What you should do —
The answer is to consist only of an exact retyping of the lines from the one containing "So this is not a dilation, since" to the end of the entries, without pictures.

BEGIN Data provided

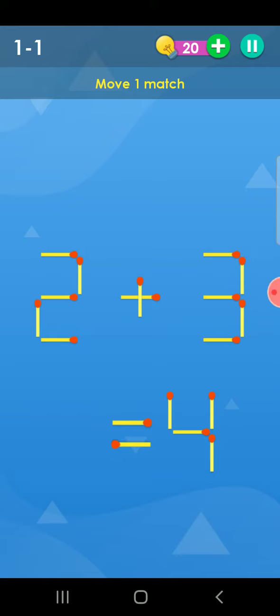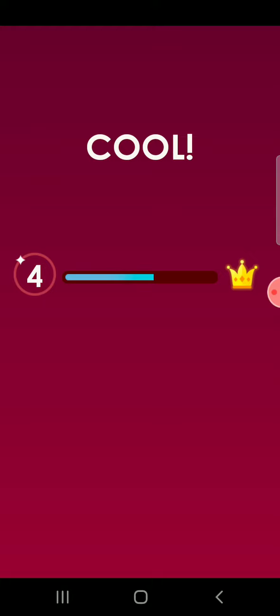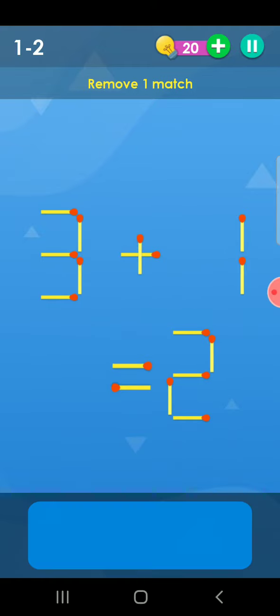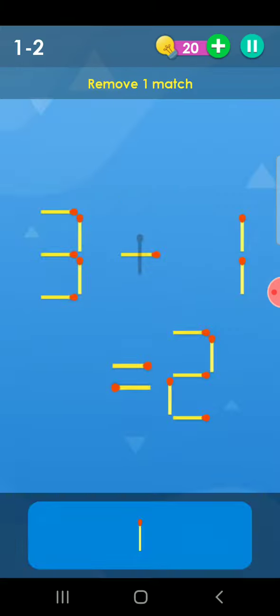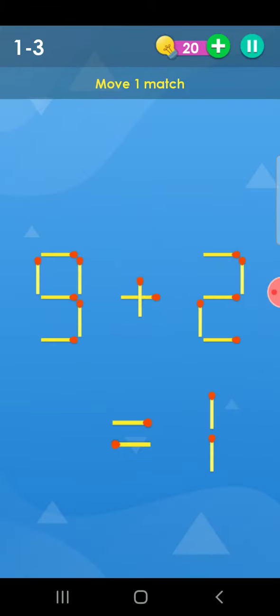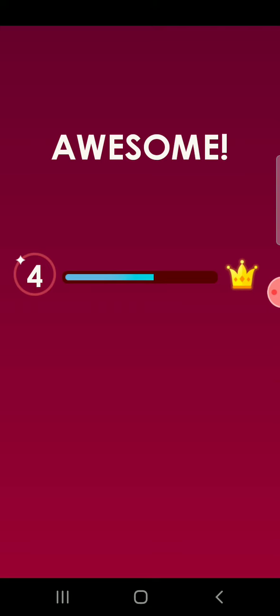Today we will solve the puzzle of match puzzle. So what to put here? 4 is coming, so 2 plus 2 is equal to 4, completed. Remove one string, 3 minus 1 is equal to 2. Next, 9 minus 2 is equal to 7.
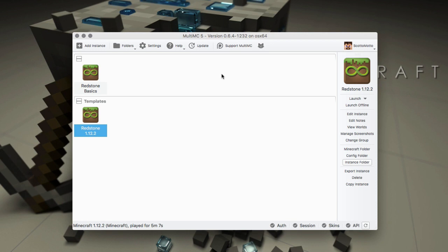Hello everybody, it's Scott Omato with another MultiMC tutorial. In this one we're going to look at a very common problem that people have, which is having 64-bit Java selected in MultiMC.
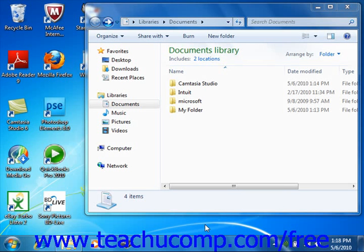In the autoplay window that appears, select the Burn Files to Disk command.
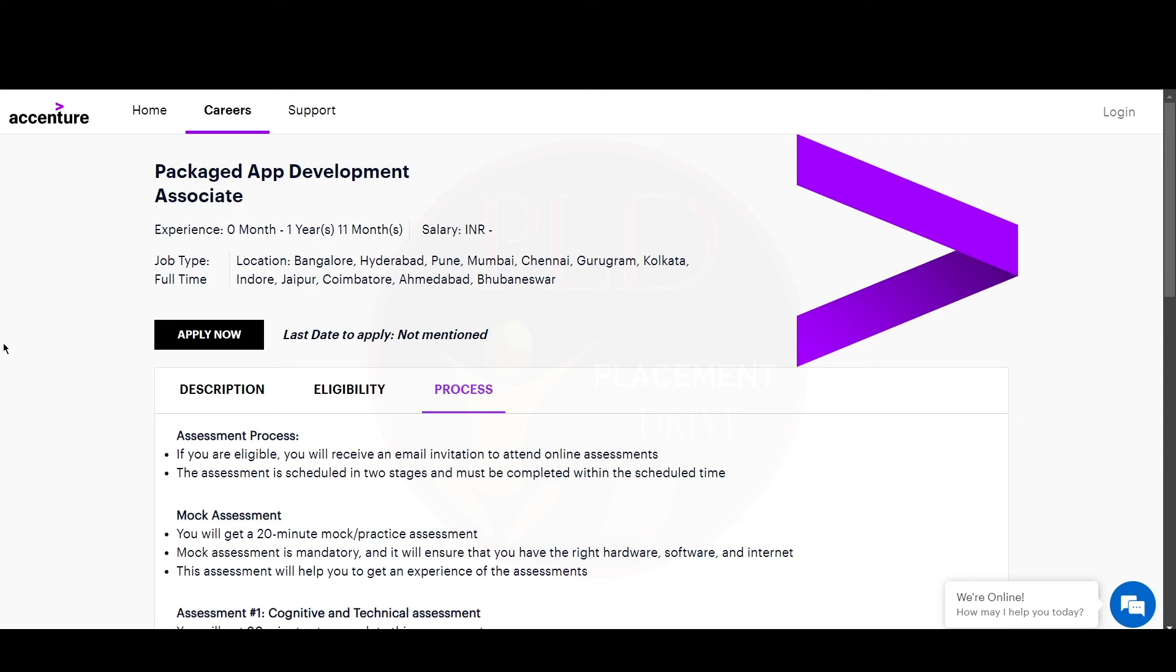We will provide you the apply link for both these jobs. If you found this video helpful, hit the like button, subscribe, and share it with your friends.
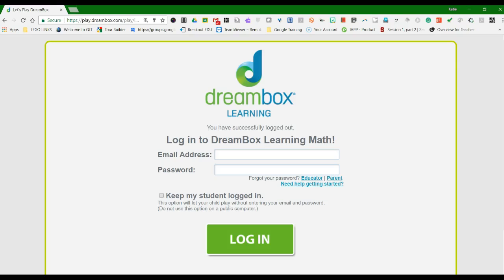Hi there, I just want to show you how to quickly get your account set up with Dreambox Math, just so you can see your student data as your students are using the program.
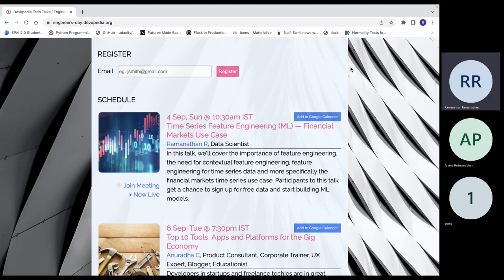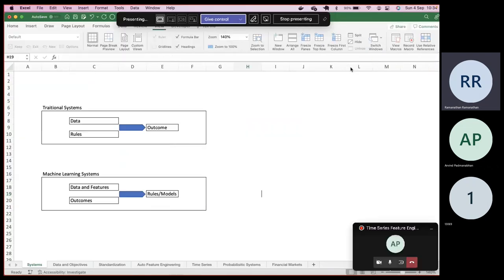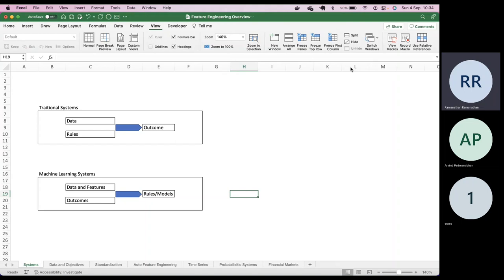Hello, good morning everyone. This is Ramanathan. This talk is about feature engineering in general, and we will extend that to time series feature engineering, and particularly to the financial markets use case. It's going to be an interactive session, not a one-way session, so please be interactive.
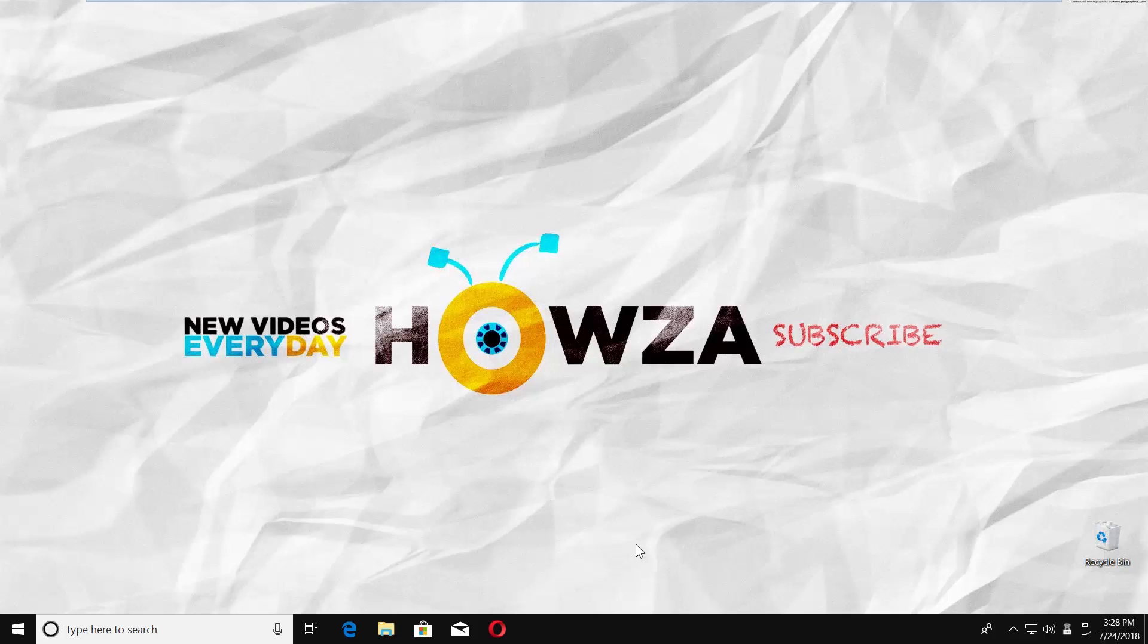Hey! Welcome to Howza channel! In today's lesson, we will teach you how to turn on Ask to close all tabs in Microsoft Edge. Let's go!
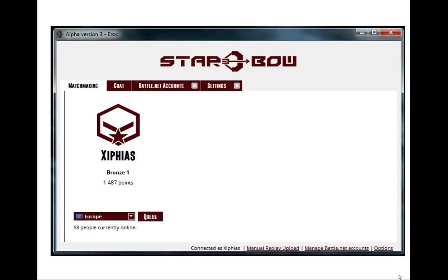So make sure if you want to close the Eros client completely, you left click down in the system tray and you click close, and then it closes completely. Be very careful. Do not queue and then just close and think that you're not going to find an opponent because you will. So you need to unqueue before you close, or you have to close it down in the system tray. So remember that, and Happy Star Bowing!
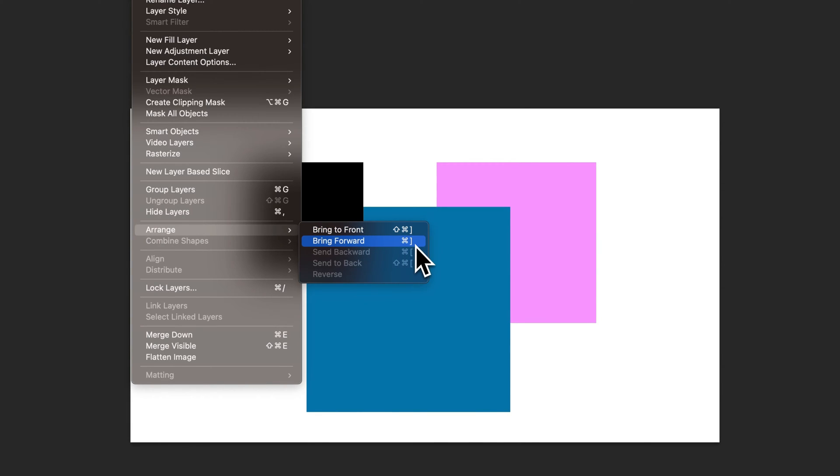Bring forward command right bracket or control right bracket if you're on Windows will step it forward one layer at a time.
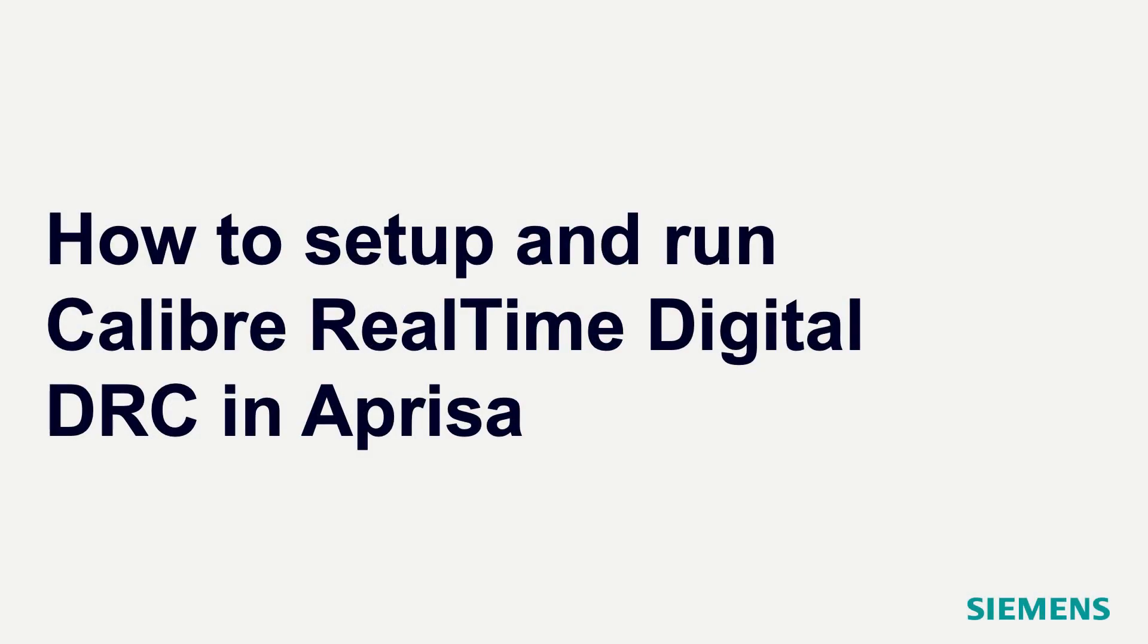Welcome to the channel. Today we will go over together on how to set up the environment to enable Calibre Realtime Digital inside Aprisa and also running a quick demo of the basic real-time digital in Aprisa.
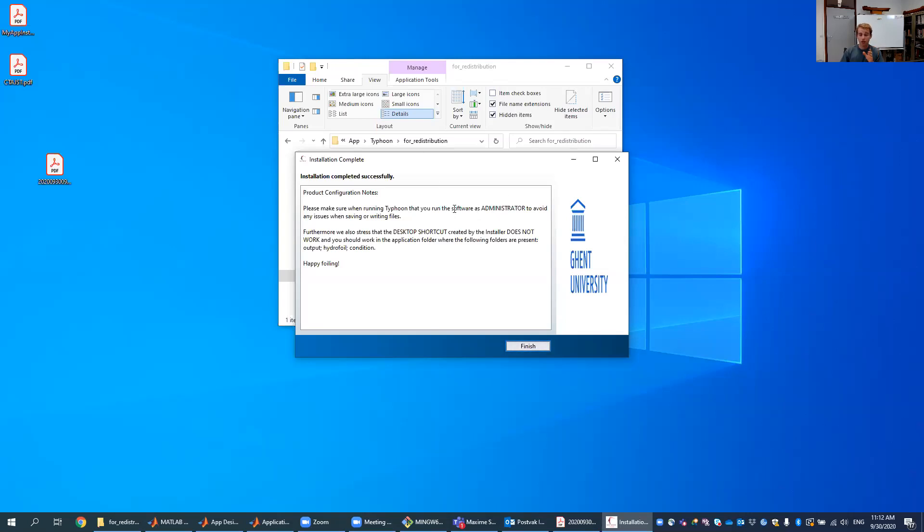Again, you have to run the software as an administrator to have full functionality, and also the desktop shortcut does not work, so don't install it because it won't work.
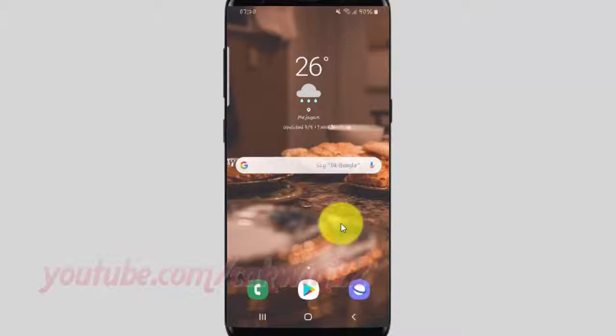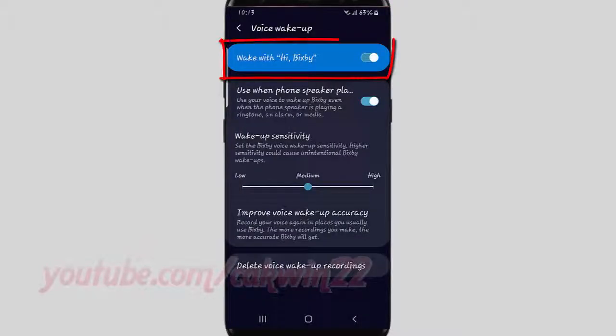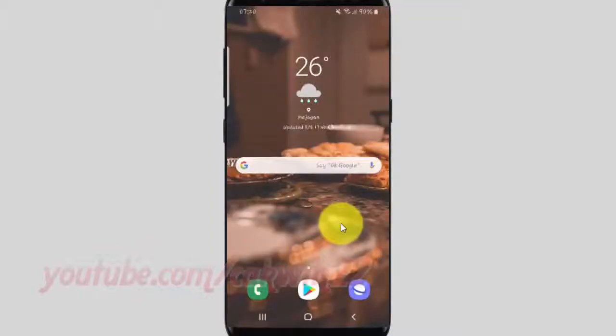To open a website using Bixby's voice command on Samsung Galaxy S9 or S9 Plus, make sure the voice wake-up is on, then say 'Hi Bixby' followed by the website you want to open.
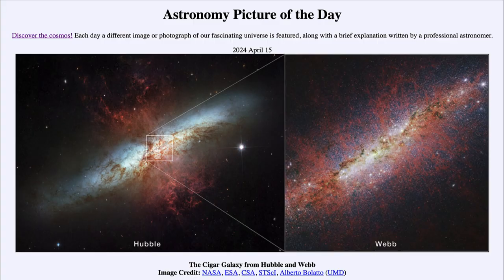Greetings and welcome to the Astronomy Picture of the Day podcast. Today's picture for April 15th of 2024 is titled 'The Cigar Galaxy from Hubble and Webb.'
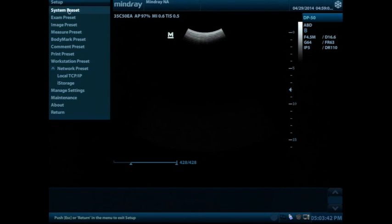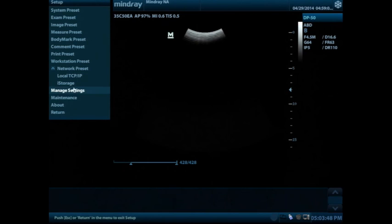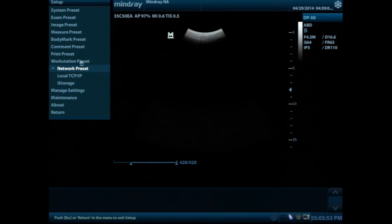Other things that you may do on this setup button, you can explore through here. You're not going to hurt anything and that's one of the things that you just want to look at and kind of get to know with your machine. Again referring to the manual as you go through.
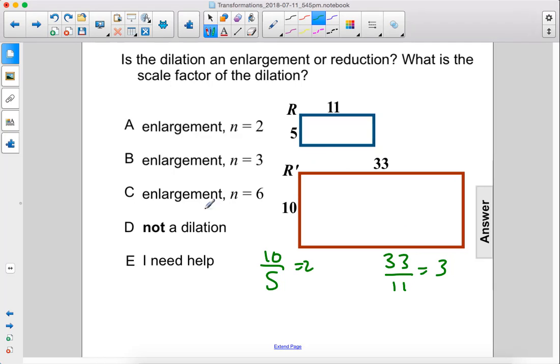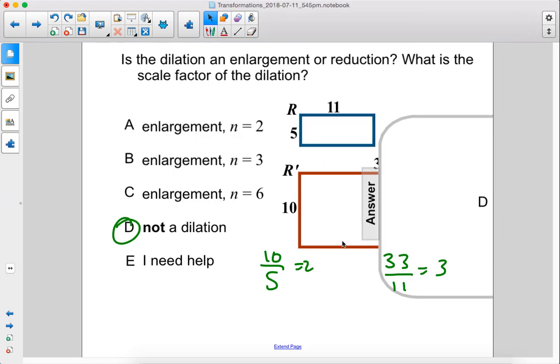So this is not a dilation, since these two are not similar. All of their sides don't have the same scale factor, so this is not a dilation. The answer is D.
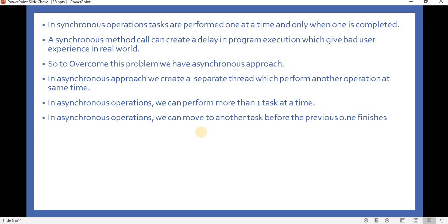In the previous video, when we were doing an operation, for example to read some data that takes some time, with synchronous programming it gives a bad user experience. To overcome this problem,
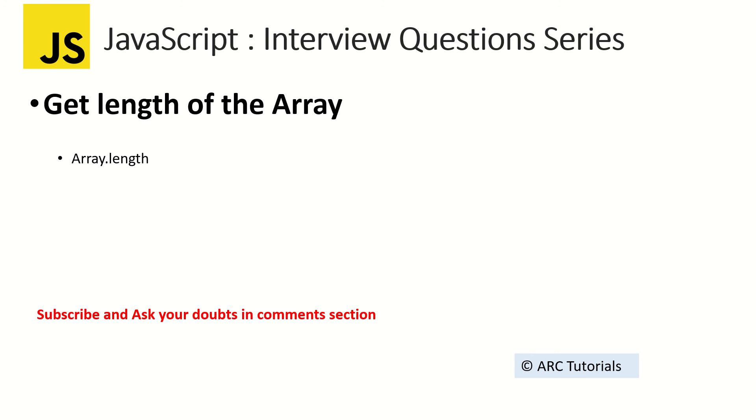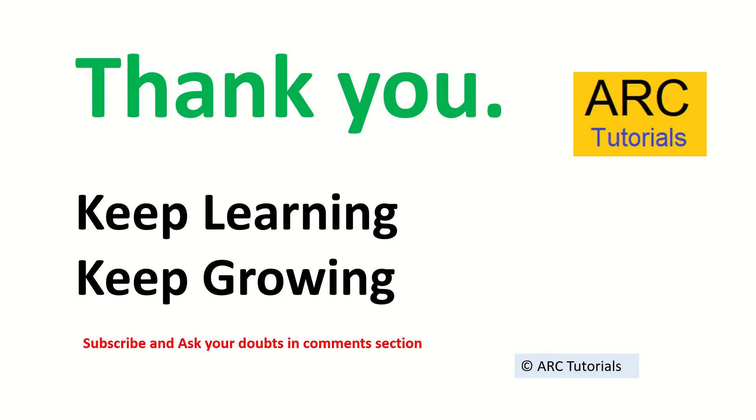This is an array interview question answer series. I'll bring a lot of tricky questions on arrays, so this is the first part of it. Make sure you're going through all the series. Thank you so much for joining. See you in the next episode. I'll bring you more interesting questions on arrays. Keep learning, keep growing, stay tuned to the channel. Thank you so much.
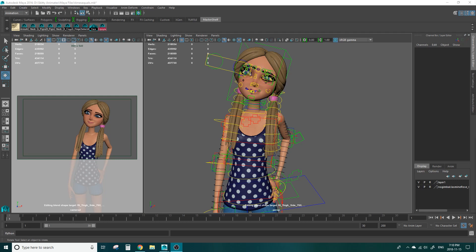Hello and welcome to Skitty Animates. I'm Skitty and today I'm going to teach you how to properly apply a parent constraint.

END Data provided

Solution below —
So this is not a dilation, since these two are not similar. All of their sides don't have the same scale factor, so this is not a dilation. The answer is D.
In the previous video, when we were doing an operation, for example to read some data that takes some time, with synchronous programming it gives a bad user experience. To overcome this problem,
This is an array interview question answer series. I'll bring a lot of tricky questions on arrays, so this is the first part of it. Make sure you're going through all the series. Thank you so much for joining. See you in the next episode. I'll bring you more interesting questions on arrays. Keep learning, keep growing, stay tuned to the channel. Thank you so much.
Hello and welcome to Skitty Animates. I'm Skitty and today I'm going to teach you how to properly apply a parent constraint.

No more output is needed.